222ms power break causes headaches for customers
A brief power fault at the Global Switch 2 data center in East London on 10 September left some customers struggling. It’s the second problem at the data center in three months, and customers are asking Global Switch for explanations.
The site, which Global Switch describes as “Europe’s largest purpose built data center”, suffered a high-voltage fault lasting 222ms. Customers including Claranet, EX Networks and Tagadab reported difficulties which were resolved within a couple of hours, but the site operated on the mains without backup power for two days.
Global Switch 2, East London
Source: Global Switch
At around 11am on Saturday 10 September, GS2 suffered a fault in the high-voltage circuit breaker for one of the site’s diesel rotary uninterruptible power supply (DRUPS) devices.
Like most large data centers, the site runs an inline UPS, with the building powered from energy stored in UPS systems topped up from the mains, so it is protected from issues with the mains supply. The building normally has four independent power supply systems to different floors and suites.
The circuit breaker which failed was part of the H1 system, which supplies three floors of the building, When the breaker failed, the system switched to the mains, we gather, but with a 222ms break. This interrupted power to GS2 customers on those three floors, and was enough to trigger their shutdown procedures.
Claranet, one of Global Switch’s biggest customers in the GS2 site has two feeds from H1, both of which failed. “We are configured to keep power turned off if we see a failure in both of our power feeds,” Claranet technical director Martin Saunders told DatacenterDymamics. ”If both fail, you have to expect the worst.”
To protect life and property, Claranet engineers checked and prepared for a manual restart. “We have procedures we run through,” Saunders told us. “We have engineers on site, who run through checks.
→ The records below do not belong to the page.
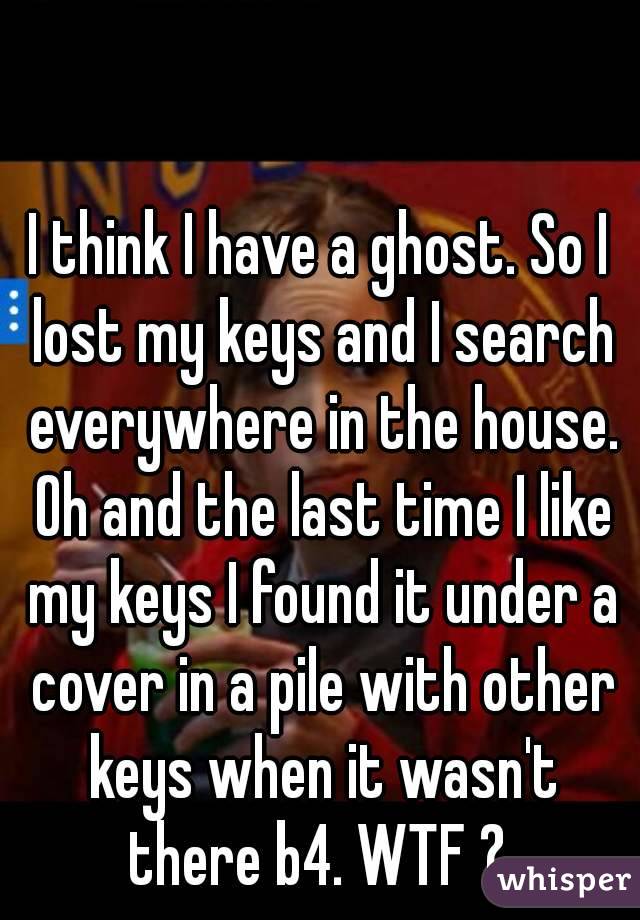 I think I have a ghost. So I lost my keys and I search everywhere in the house. Oh and the last time I like my keys I found it under a cover in a pile with other keys when it wasn't there b4. WTF ? 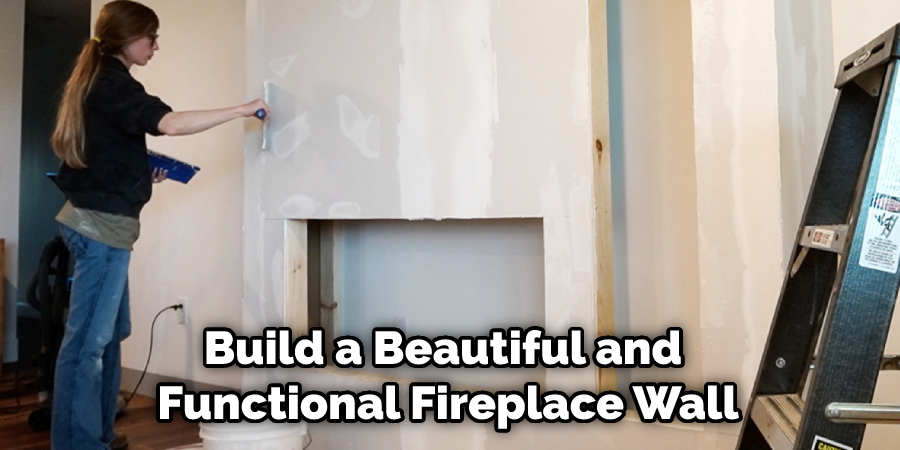 Build a Beautiful and Functional Fireplace Wall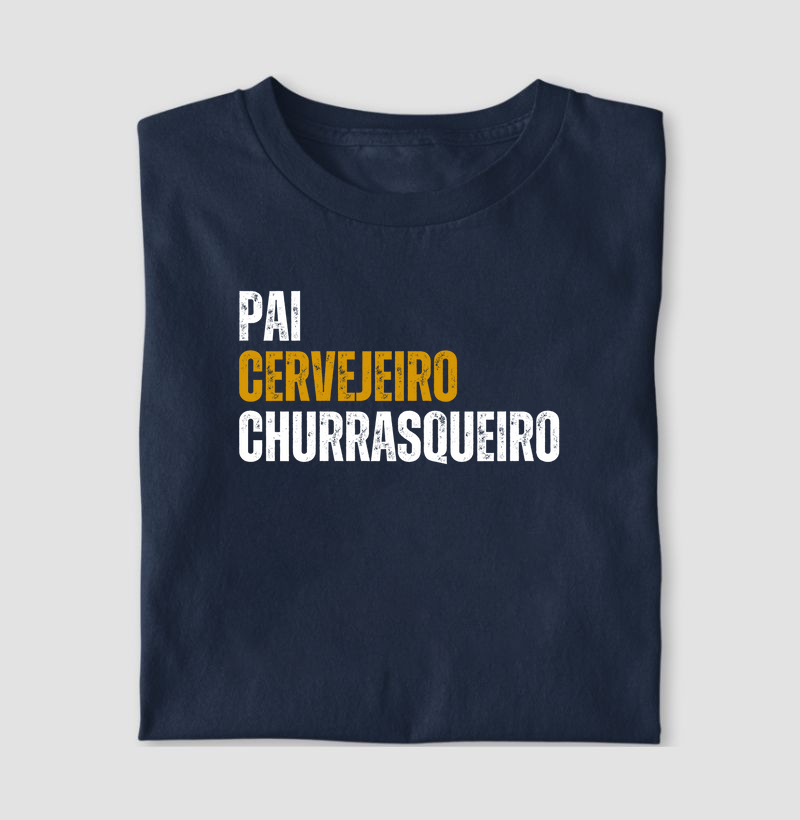 Pai, Cervejeiro, Churrasqueiro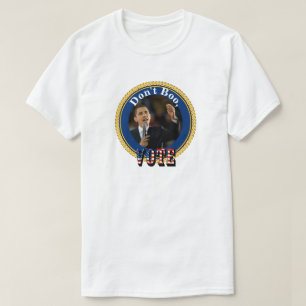 Barack Obama...Niet Boo, STEMMING T-shirt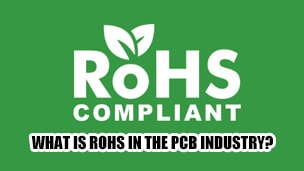 What is RoHS in the PCB Industry?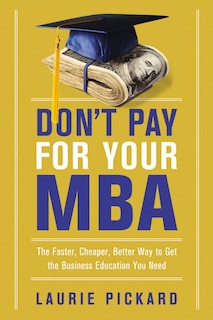 Front cover_Don't Pay For Your Mba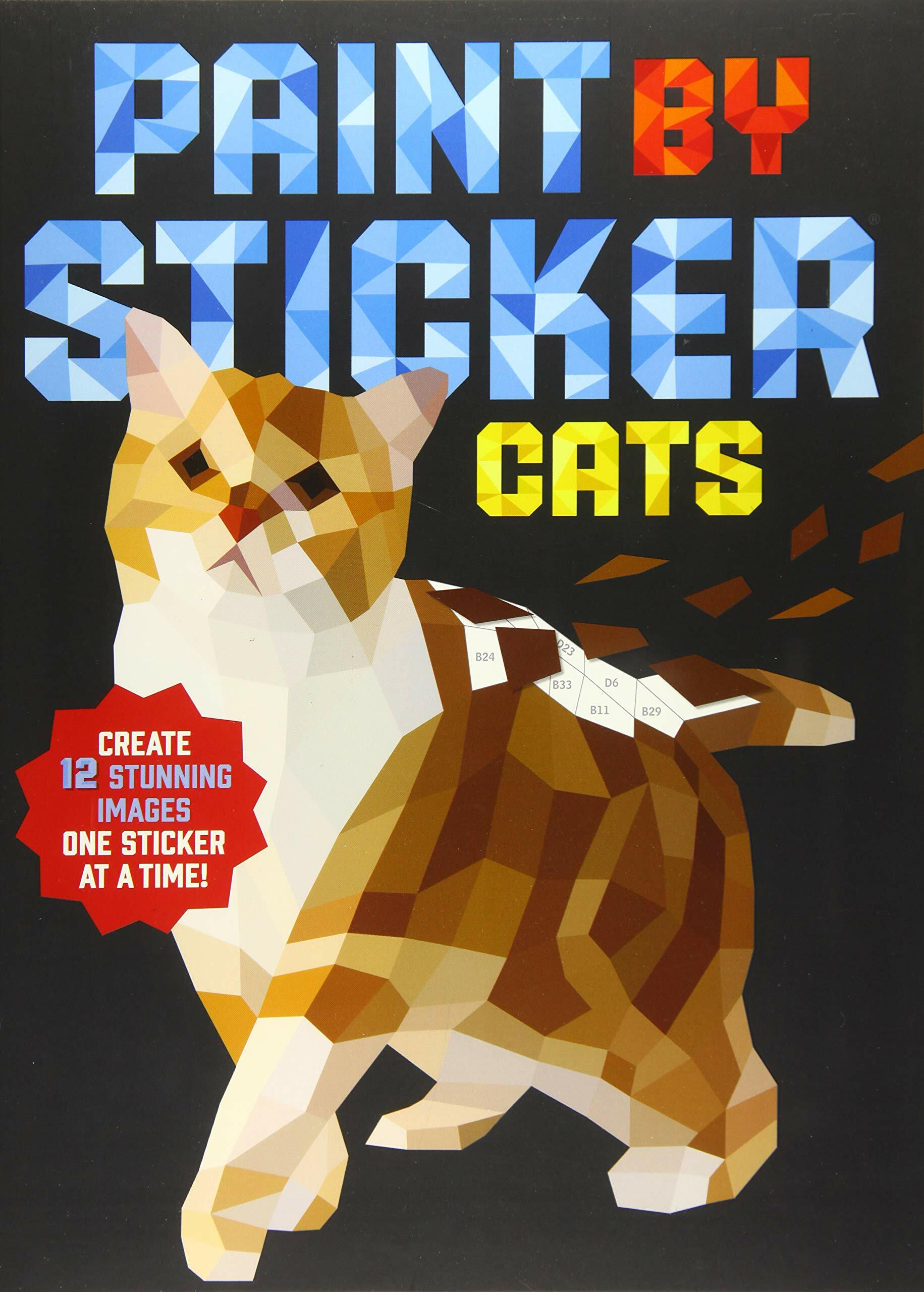 Paint by Sticker: Cats: Create 12 Stunning Images One Sticker at a Time! (Paperback)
If it is clear there’s no danger, we work with the data center provider or the power provider, to ensure that when the power is stable it can be switched on safely.” Claranet and Global Switch were confident the power was stable at 13.00, and started to power up, switching on the network, storage and servers in that order.
Everything was running smoothly again by 13.30, Saunders said, with almost no hardware failing (only one hard drive broke, and that may have had nothing to do with the power issue).
Claranet has five other facilities in the UK, and many customers have resources spread amongst them, so many were completely unaware of any problem, Saunders assured us. Even the hard drive that failed did not result in the loss of any data.
The data center is “built to an enhanced Tier III standards”, according to Global Switch, which means it has resiliency features but hasn’t been certified by the Uptime Institute.
@Simon4132 Hi Simon, appears to be a power issue at the minute, engineers are on the ground. If you follow us, I’ll DM you when I know more.— Claranet (@Claranet) September 10, 2016
Global Switch has been tight-lipped about the incident, issuing a generic statement from John Stevenson, managing director London: “Incidents of this nature are extremely rare. The Global Switch infrastructure protected supplies, but one of the four power stations experienced a 222 millisecond switching event. Throughout the weekend we sought to keep our customers fully informed at all times.”
Stevenson also said the site is operated “to exceed Uptime Institute Tier III standards,” but its performance “has exceeded Tier IV.”
Despite this, the incident is the second in three months, following an outage on 23 June (the day of the Brexit vote), which is believed to have been caused by a lightning strike, which was not dealt with by the data center’s power systems. This incident also affected three floors of the data center, according to reports, and affected customers for some hours.
Just days before this most recent problem it emerged that Global Switch’s owners, the Reuben Brothers, are apparently planning to sell half the company to a consortium of Asian investors, including companies from China.